One thing you can do is maintain a heap of sequence numbers that are in use as well as the "next sequence number to assign". Try the following:
- When you grab a sequence number, put it in an "in-use" map.
- When you are done making changes with that sequence number, remove it from the "in-use" std::set
- Keep track of the minimum in the set. Whenever the minimum changes from "x" to "y", have Client C request values from x to y, but no greater than y.
So, in your example, when you update the sequence to 2, 1 is put in the in-use set. Then, when you update to 3, 2 is put in there, and the set contains 1 and 2. When the work for 2 is done, 2 is removed from the set, but client C does not pick up any changes because the minimum, 1, is unchanged. When client A is done with 1, the minumum changes from 1 to 3, and client C may read the changes from 1 to 3.

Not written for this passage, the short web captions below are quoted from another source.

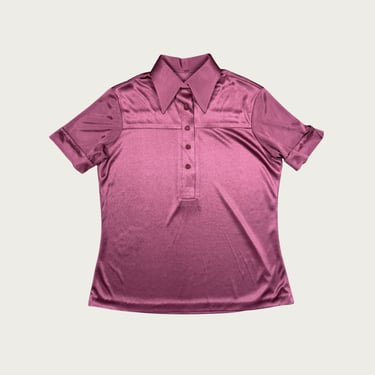 (M/L) 70s Mauve Nylon Disco Polo Top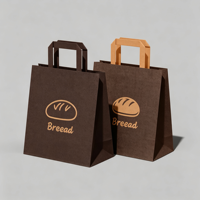 Sacs de transport en carton kraft brun écologiques et recyclables pour commandes en gros avec logo personnalisé pour les boutiques de vêtements, les chaussettes et les sacs à pain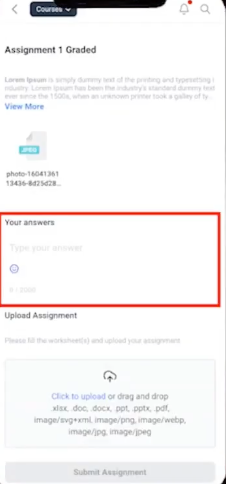 Mobile assignment screen showing a written response field, file upload area, and Submit Assignment button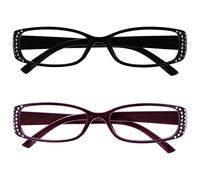 UV Reader The Reading Glasses Company Black & Black Purple Diamonte Style Readers Value 2 Pack Womens Ladies RR93-15 +1.00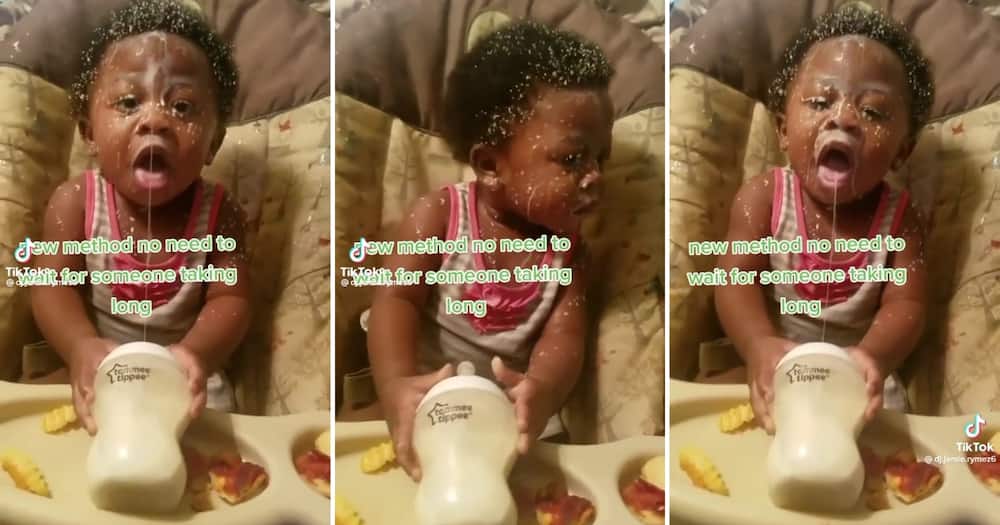 Video of sneaky baby drinking and wasting formula
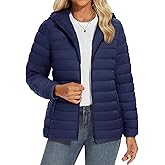YUCOLEN Women's Puffer Jacket with Hood Lightweight Quilted Padded 4 Pockets Zip-up Coat Winter Jackets for Women
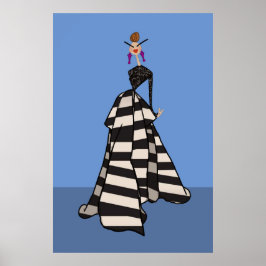 Poster Ilustração da Moda das Mulheres em Stripes Pretas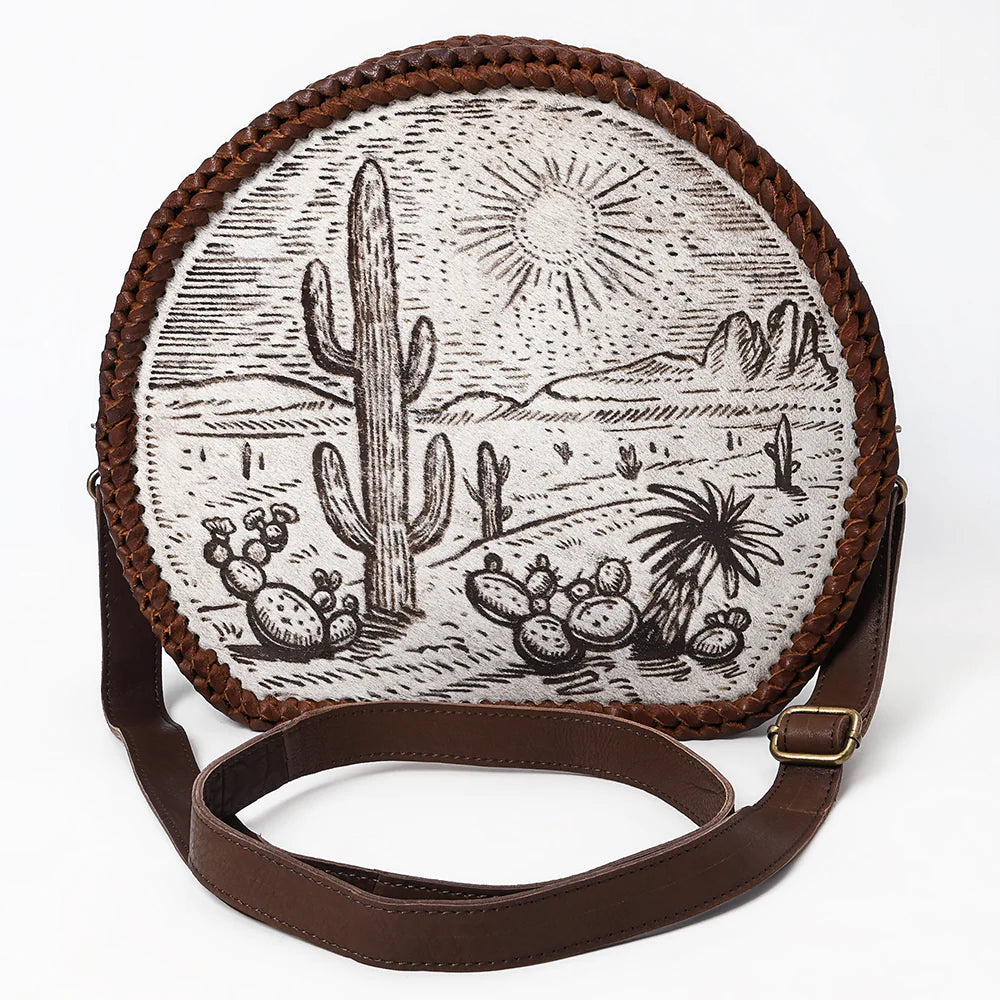 American Darling Structured Desert Hair On Hide Canteen Crossbody Bag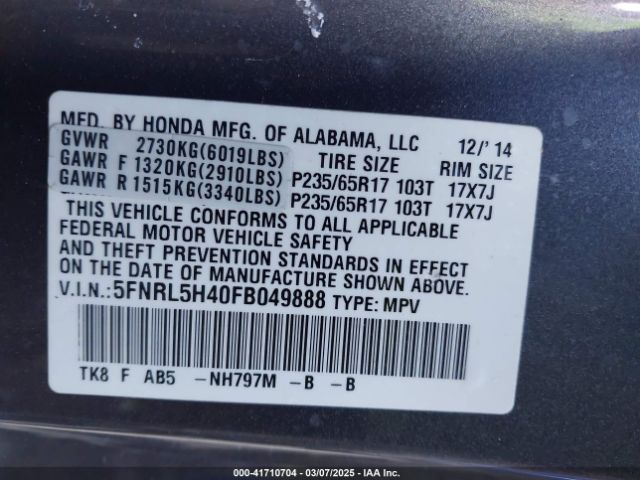 5FNRL5H40FB049888 Honda ODYSSEY EX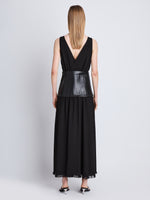 Back full length image of model wearing Viviane Dress in BLACK
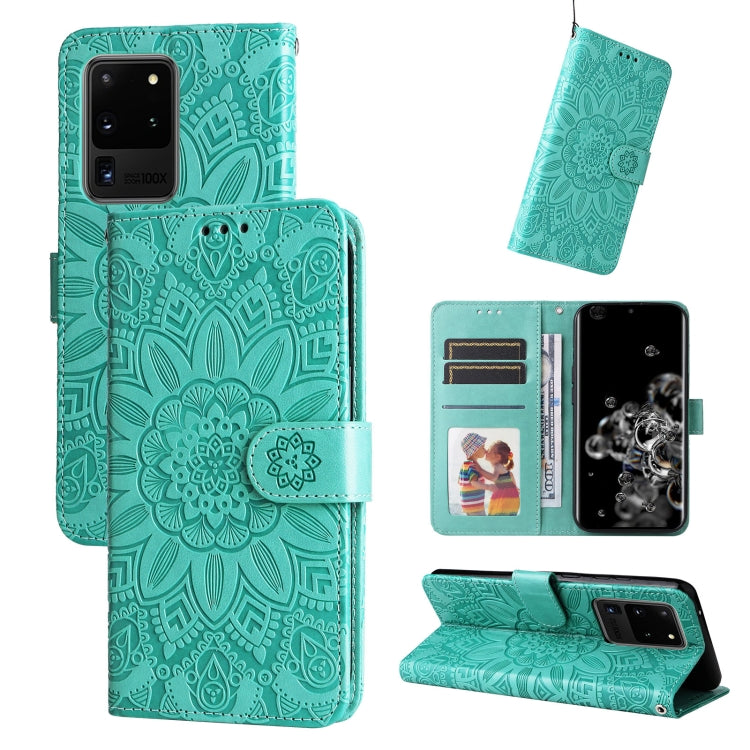 Custodia per telefono in pelle di girasole goffrata, For Samsung Galaxy S20+, For Samsung Galaxy S20 Ultra, For Samsung Galaxy S20 FE / S20 FE 5G, For Samsung Galaxy S10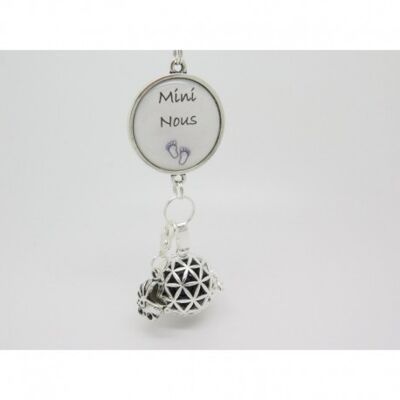 BOLA ARGENT PLAQUE BOLA DE GROSSESSE AVEC CABOCHON PERSONNALISABLE, ET BRELOQUE LANDAU AMOVIBLE CADEAU FUTURE MAMAN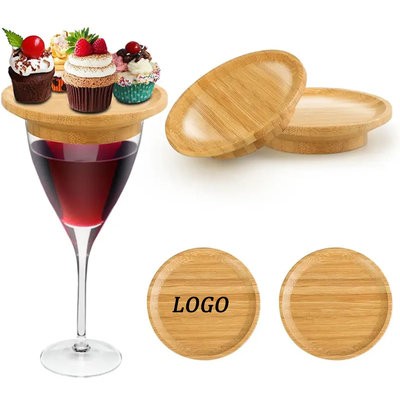 WOOD WINE GLASS LID DESSERT TREAT TRAY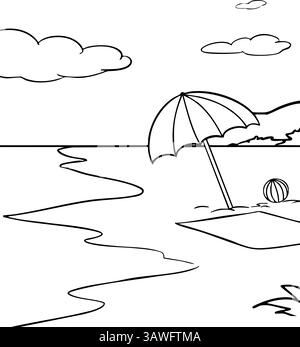 Ombrellone da spiaggia e illustrazione d'arte sulla riva del mare: Il contorno delle vacanze estive disegna con onde oceaniche, nuvole, asciugamano e palla da spiaggia per colorare i libri Illustrazione Vettoriale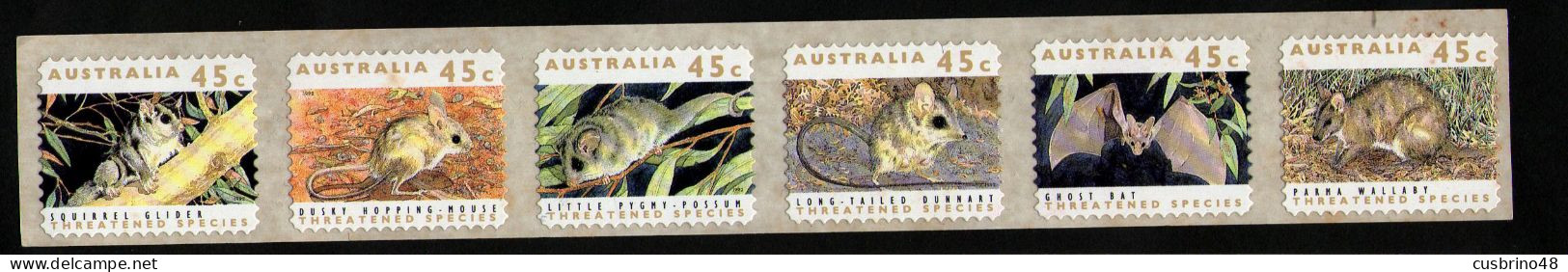 AUSTRALIA 1992 P&S Strip 6 45c Endangered Species PRINTSET 3 Koala - Ask At Your Post Office On Reverse. - Lot AUS 272 - Neufs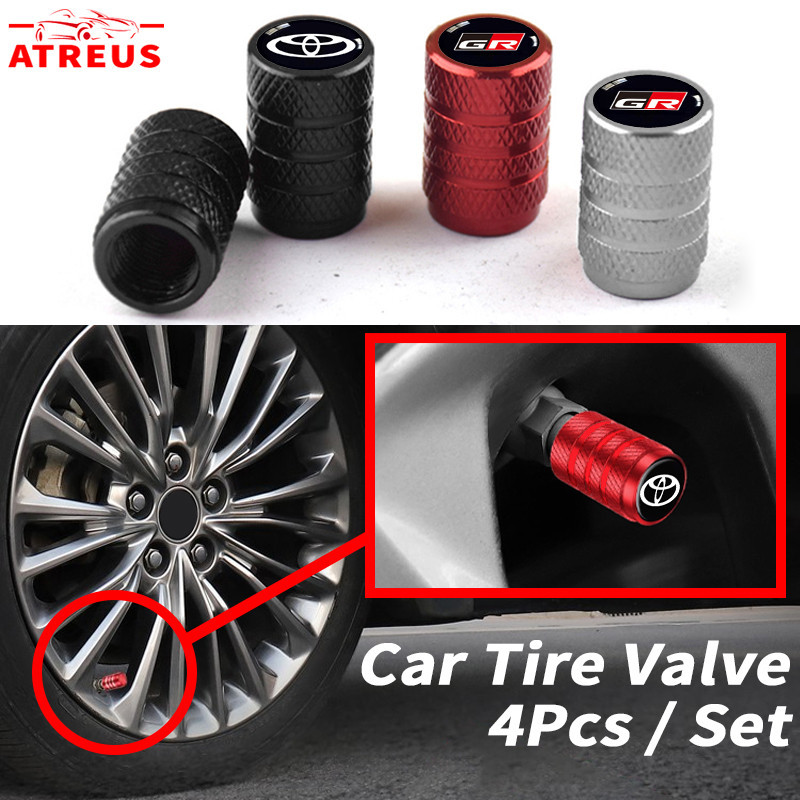 4pcs Toyota Tampas De Válvulas Para Pneus Liga De Roda De Carro Ar De Haste De Corolla Cross Hilux Yaris Etios RAV4 Bandeirante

For a more complex example, suppose you have 6 clients use sequence numbers 11, 12, 13, 14, 15, and 16, yet finish in the following order: 12, 13, 11, 15, 14, 16 (which is the order they are removed from the "in-use" set. In this example, after 11 is gone, client C may read 11 through 13, because the minumum changes from 11 to 14. Then, after 14 is gone, client C may read 14 and 15, as the minimum changes from 14 to 16. Then, when 16 is gone, client C can read 16.
This is basically the algorithm we use in TokuMX replication that decides what oplog entries may be replicated to secondaries. Clients A and B would be threads doing writes to the oplog and Client C would be a tailable cursor from the secondary pulling oplog data.